2018 Folds of Honor QuikTrip 500
- 2018 Folds of Honor QuikTrip 500 program cover, featuring Jimmie Johnson and Ryan Newman.
- Date: February 25, 2018
- Location: Atlanta Motor Speedway in Hampton, Georgia
- Course: Permanent racing facility
- Course length: 1.54 miles (2.48 km)
- Distance: 325 laps, 500.5 mi (806 km)
- Average speed: 143.068 miles per hour (230.246 km/h)

Pole position
- Driver: Kyle Busch; / Joe Gibbs Racing
- Time: 30.024

Most laps led
- Driver: Kevin Harvick / Stewart–Haas Racing
- Laps: 181

Winner
- No. 4: Kevin Harvick / Stewart–Haas Racing

Television in the United States
- Network: Fox
- Announcers: Mike Joy, Jeff Gordon and Darrell Waltrip
- Nielsen ratings: 3.3/3.1 (Overnight)

Radio in the United States
- Radio: PRN
- Booth announcers: Doug Rice, Mark Garrow and Wendy Venturini
- Turn announcers: Rob Albright (1 & 2) and Pat Patterson (3 & 4)

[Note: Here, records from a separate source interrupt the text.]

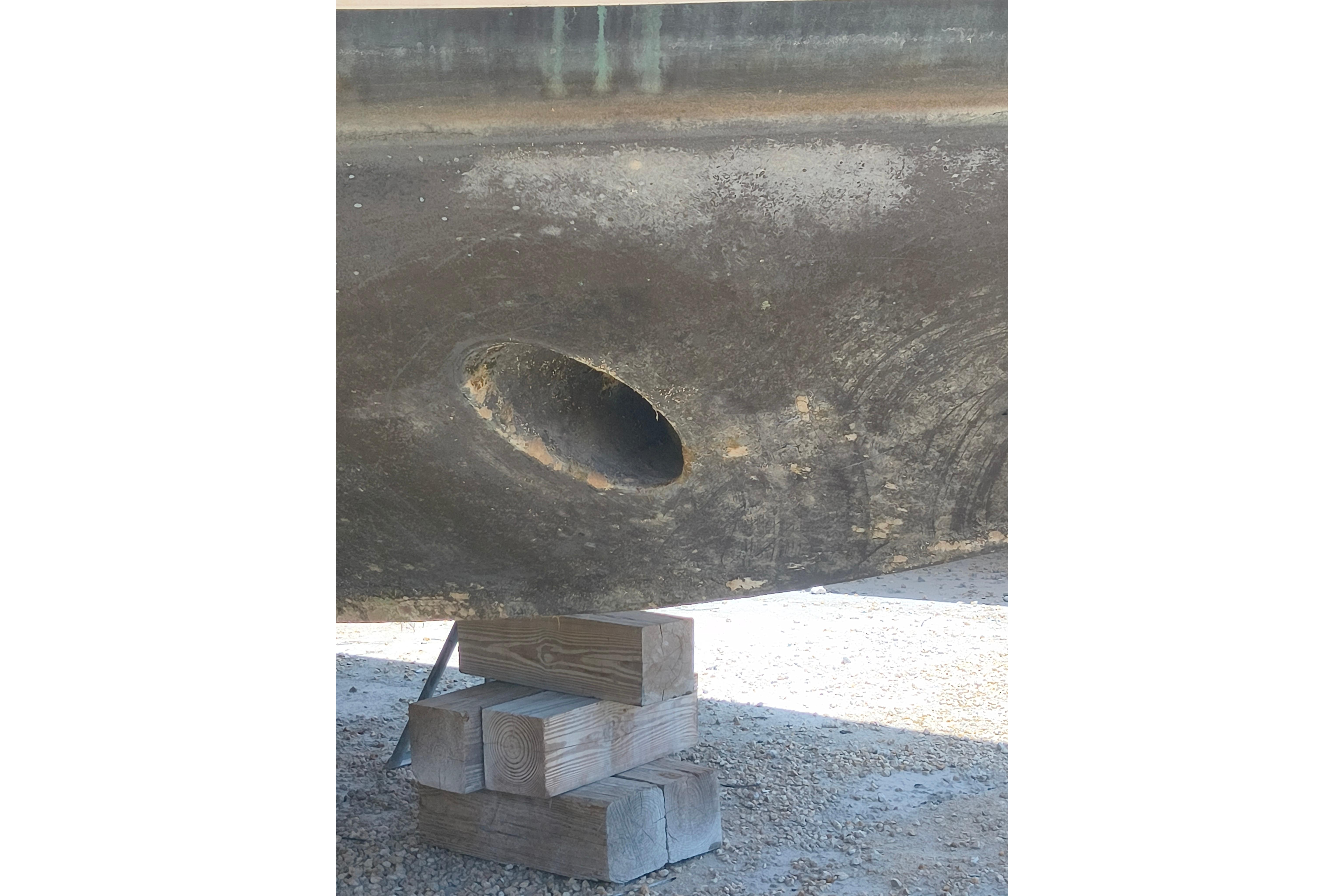 1984 Kadey-Krogen Manatee hull with visible hole, supported by wooden blocks.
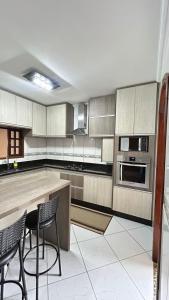 a kitchen with a counter and two chairs in it at Casa em Santo André -SP in Santo André +11 photos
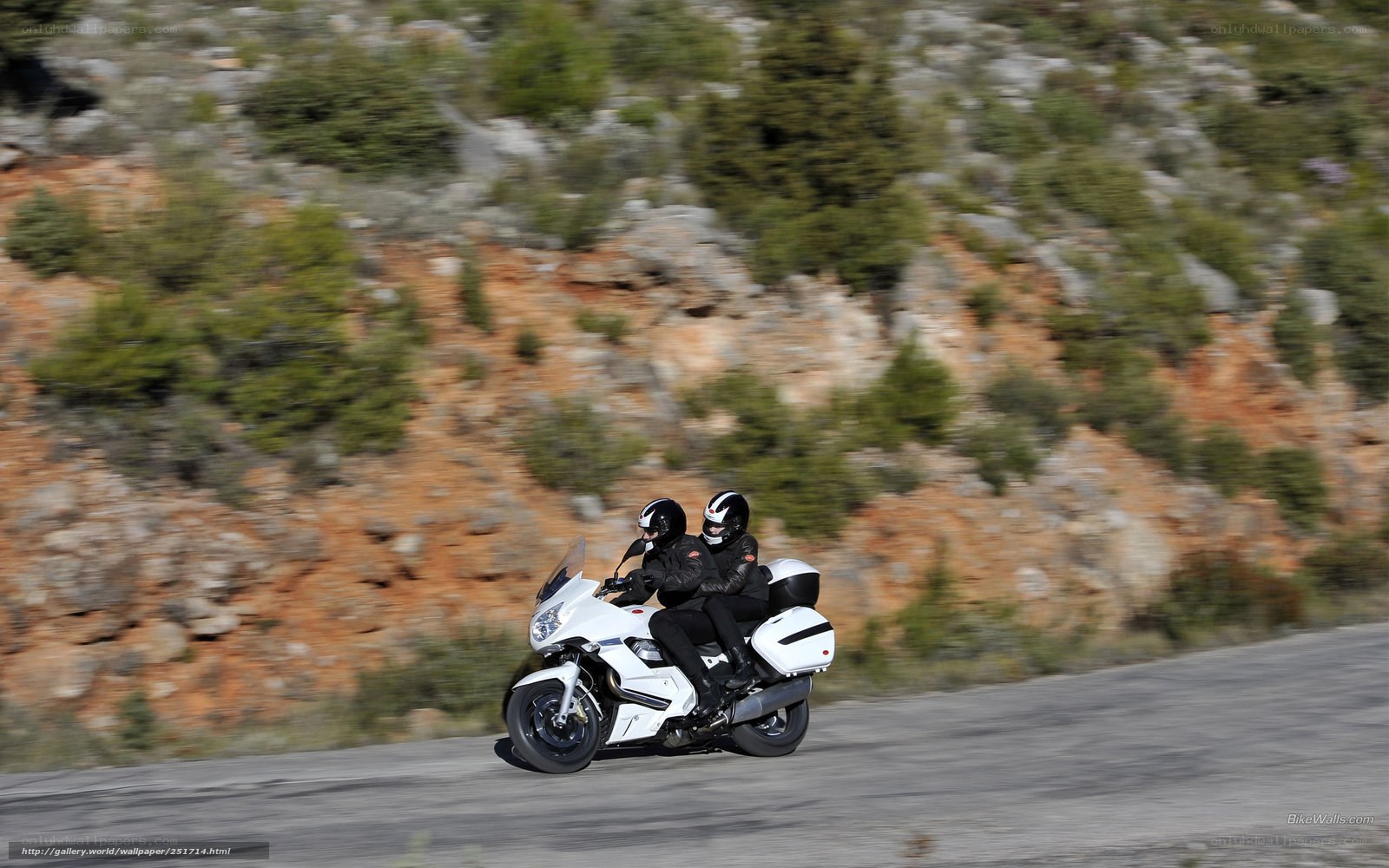 Two riders on a white motorcycle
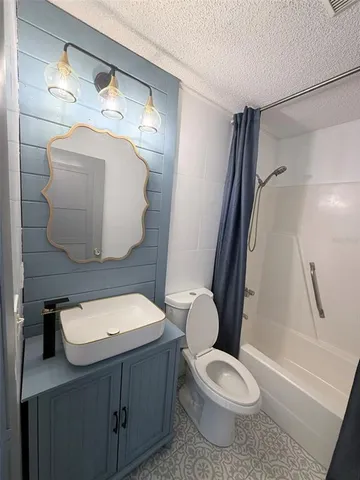 a view of a walk in closet and bedroom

= 2018 Folds of Honor QuikTrip 500 =

The 2018 Folds of Honor QuikTrip 500 was a Monster Energy NASCAR Cup Series race held on February 25, 2018, at Atlanta Motor Speedway in Hampton, Georgia. Contested over 325 laps on the 1.54 mi asphalt quad-oval intermediate speedway, it was the second race of the 2018 Monster Energy NASCAR Cup Series season.

==Entry list==

| No. | Driver | Team | Manufacturer |
| 00 | Jeffrey Earnhardt | StarCom Racing | Chevrolet |
| 1 | Jamie McMurray | Chip Ganassi Racing | Chevrolet |
| 2 | Brad Keselowski | Team Penske | Ford |
| 3 | Austin Dillon | Richard Childress Racing | Chevrolet |
| 4 | Kevin Harvick | Stewart–Haas Racing | Ford |
| 6 | Trevor Bayne | Roush Fenway Racing | Ford |
| 9 | Chase Elliott | Hendrick Motorsports | Chevrolet |
| 10 | Aric Almirola | Stewart–Haas Racing | Ford |
| 11 | Denny Hamlin | Joe Gibbs Racing | Toyota |
| 12 | Ryan Blaney | Team Penske | Ford |
| 13 | Ty Dillon | Germain Racing | Chevrolet |
| 14 | Clint Bowyer | Stewart–Haas Racing | Ford |
| 15 | Ross Chastain (i) | Premium Motorsports | Chevrolet |
| 17 | Ricky Stenhouse Jr. | Roush Fenway Racing | Ford |
| 18 | Kyle Busch | Joe Gibbs Racing | Toyota |
| 19 | Daniel Suárez | Joe Gibbs Racing | Toyota |
| 20 | Erik Jones | Joe Gibbs Racing | Toyota |
| 21 | Paul Menard | Wood Brothers Racing | Ford |
| 22 | Joey Logano | Team Penske | Ford |
| 23 | Gray Gaulding | BK Racing | Toyota |
| 24 | William Byron (R) | Hendrick Motorsports | Chevrolet |
| 31 | Ryan Newman | Richard Childress Racing | Chevrolet |
| 32 | Matt DiBenedetto | Go Fas Racing | Ford |
| 34 | Michael McDowell | Front Row Motorsports | Ford |
| 37 | Chris Buescher | JTG Daugherty Racing | Chevrolet |
| 38 | David Ragan | Front Row Motorsports | Ford |
| 41 | Kurt Busch | Stewart–Haas Racing | Ford |
| 42 | Kyle Larson | Chip Ganassi Racing | Chevrolet |
| 43 | Bubba Wallace (R) | Richard Petty Motorsports | Chevrolet |
| 47 | A. J. Allmendinger | JTG Daugherty Racing | Chevrolet |
| 48 | Jimmie Johnson | Hendrick Motorsports | Chevrolet |
| 51 | Harrison Rhodes | Rick Ware Racing | Chevrolet |
| 72 | Cole Whitt | TriStar Motorsports | Chevrolet |
| 78 | Martin Truex Jr. | Furniture Row Racing | Toyota |
| 88 | Alex Bowman | Hendrick Motorsports | Chevrolet |
| 95 | Kasey Kahne | Leavine Family Racing | Chevrolet |
Official entry list

==First practice==
Ricky Stenhouse Jr. was the fastest in the first practice session with a time of 29.745 seconds and a speed of 186.384 mph.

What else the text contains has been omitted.